Block   ::= '{' Decl* Stmt* '}' .
This macro is invoked in definition 12.
A declaration defines one or more variables of type int. Each declaration is terminated by a ';'. The symbol VarDecl distinguishes this defining occurrence of Ident from other occurrences. Several identifiers are separated by ','.
Declarations[2]==
Decl    ::= 'int' VarDecls ';' .
VarDecls::= VarDecl // ',' .
VarDecl ::= Ident .
This macro is invoked in definition 12.
There are several forms of statements: assignments, conditionals, switch statements, break statements, for loops, blocks, and expression statements. Statements, except blocks and switch statements are terminated by ';'.
Statements[3]==
Stmt    ::= Block .
Stmt    ::= Expr ';' .
Stmt    ::= 'break' ';' .
This macro is invoked in definition 12.
An assignment has the usual notation. The Assign symbol is introduced, because for loops contain assignments without terminating ';'. The symbol VarSet distinguishes the variable on the left-hand side from variable occurrences where their value is accessed rather than set.
Assignments[4]==
Stmt    ::= Assign ';' .
Assign  ::= VarSet '=' Expr .
VarSet  ::= Ident .
This macro is invoked in definition 12.
For statements consist of the initial assignment, the iteration condition, the assignment executed after each iteration, and the iterated statement.
For loop[5]==
Stmt    ::= ForStmt .
ForStmt ::= 'for' '(' ForCtrl ';' Expr ';' Assign ')' Stmt .
ForCtrl ::= Assign .
This macro is invoked in definition 12.
The else branch of an if statement is optional. The dangling else ambiguity is resolved such that an else branch is bound to the innermost if statement. The $'else' modification instructs the parser generator not to reduce that production if an 'else' token follows.
If statement[6]==
Stmt    ::= 'if' '(' Expr ')' Stmt $'else' .
Stmt    ::= 'if' '(' Expr ')' Stmt 'else' Stmt .
This macro is invoked in definition 12.
Switch statements have the same structure as in C.
Switch statement[7]==
Stmt    ::= SwStmt .
SwStmt  ::= 'switch' '(' Expr ')' '{' Case* '}' .
Case    ::= CaseLab Stmt* .
CaseLab ::= 'case' CaseLit ':' .
CaseLab ::= 'default' ':' .
CaseLit ::= Number .
This macro is invoked in definition 12.
The following expression syntax specifies precedence and associativity of operators: MulOpr have highest precedence, CmpOpr have lowest precedence.

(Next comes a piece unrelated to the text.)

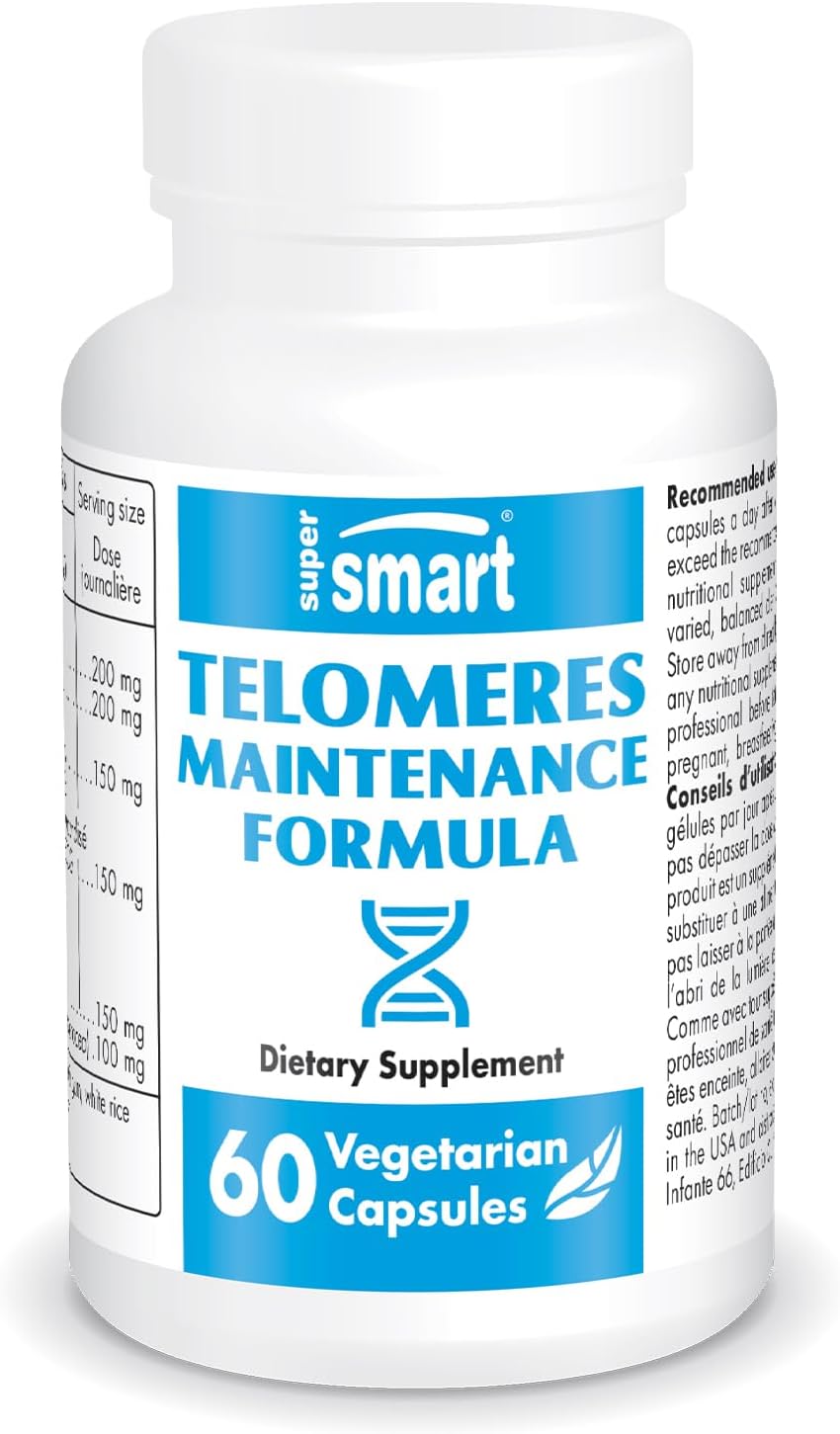 Supersmart Telomeres Maintenance Formula - High Potency - 60 Vegan Capsules - görsel 1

AddOpr and MulOpr are left-associative, and CmpOpr are not associative.
Expressions[8]==
Expr    ::= Sum CmpOpr Sum / Sum .
Sum     ::= Sum AddOpr Fact / Fact .
Fact    ::= Fact MulOpr Operand / Operand .
CmpOpr  ::= '<' / '>' / '==' / '!=' / '<=' / '>=' .
AddOpr  ::= '+' / '-' .
MulOpr  ::= '*' / '/' .
Operand ::= '(' Expr ')' .
This macro is invoked in definition 12.
The precedence and associativity rules are only relevant for the construction of the tree. The then constructed tree need not distinguish between Expr, Sum, Fact, and Operand. They are all represented by an Expr node. Similarly all operators are represented by an Opr node in the tree:
Expressions in abstract tree[9]==
Expr    ::= Sum Fact Operand .
Opr     ::= CmpOpr AddOpr MulOpr .
This macro is invoked in definition 13.
Operands are integral numbers, identifiers that denote access of a variable value, or calls of predefined functions. The latter may have an arbitrary number of arguments.
Operands[10]==
Operand ::= Number .
Operand ::= VarUse .
VarUse  ::= Ident .
Operand ::= Ident '(' Params ')' .
Params  ::= .
Params  ::= Expr // ',' .
This macro is invoked in definition 12.
The notation for numbers, identifiers, and comments are specified as in C using canned token specifications.
Tokens[11]==
Number: C_INTEGER
Ident:  C_IDENTIFIER
        C_COMMENT
This macro is invoked in definition 14.

1.2 Output of files

tree.con[12]==
Program[1]
Declarations[2]
Statements[3]
Assignments[4]
For loop[5]
If statement[6]
Switch statement[7]
Expressions[8]
Operands[10]
This macro is attached to an output file.
tree.sym[13]==
Expressions in abstract tree[9]
This macro is attached to an output file.
tree.gla[14]==
Tokens[11]
This macro is attached to an output file.

2 Dangling else

2.1 Specification

A warning is issued if the Stmt subtree of a one-sided if statement is a two-sided if statement. In order to produce the warning in the lower context we associate an attribute WarnSingleIf to Stmt. It indicates whether this Stmt occurs immediately below an rIf context. There it is set to true (1). In all other contexts where Stmt occurs on the righthand side it is set to false.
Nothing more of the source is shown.